───── Material for this task ─────

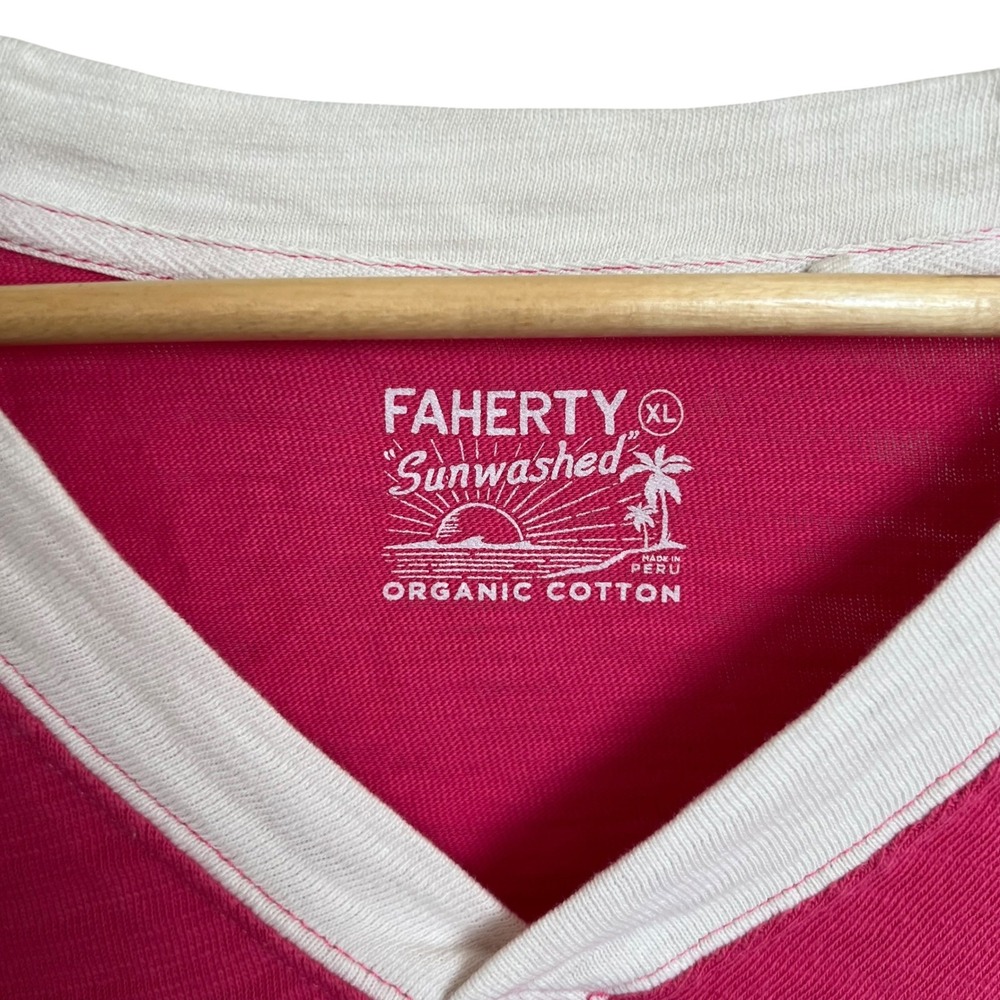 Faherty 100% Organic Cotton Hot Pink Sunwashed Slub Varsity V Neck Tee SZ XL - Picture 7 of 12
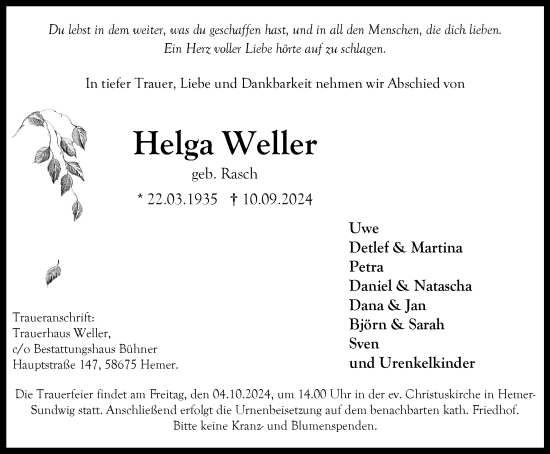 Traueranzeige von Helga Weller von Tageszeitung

─────
───── Material for this task ─────

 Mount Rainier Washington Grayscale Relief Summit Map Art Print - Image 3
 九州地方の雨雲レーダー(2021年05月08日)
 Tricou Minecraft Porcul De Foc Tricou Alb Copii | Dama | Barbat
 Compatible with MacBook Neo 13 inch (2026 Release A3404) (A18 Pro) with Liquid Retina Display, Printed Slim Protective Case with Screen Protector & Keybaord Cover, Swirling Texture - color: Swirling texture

─────

Task statement
Print, exactly and with no pictures, the lines of the listing above starting at the one that has "Faherty 100% Organic" and ending at the one that has "Traueranzeige von Helga", both included.

Reply
 Faherty 100% Organic Cotton Hot Pink Sunwashed Slub Varsity V Neck Tee SZ XL - Picture 7 of 12
 Traueranzeige von Helga Weller von Tageszeitung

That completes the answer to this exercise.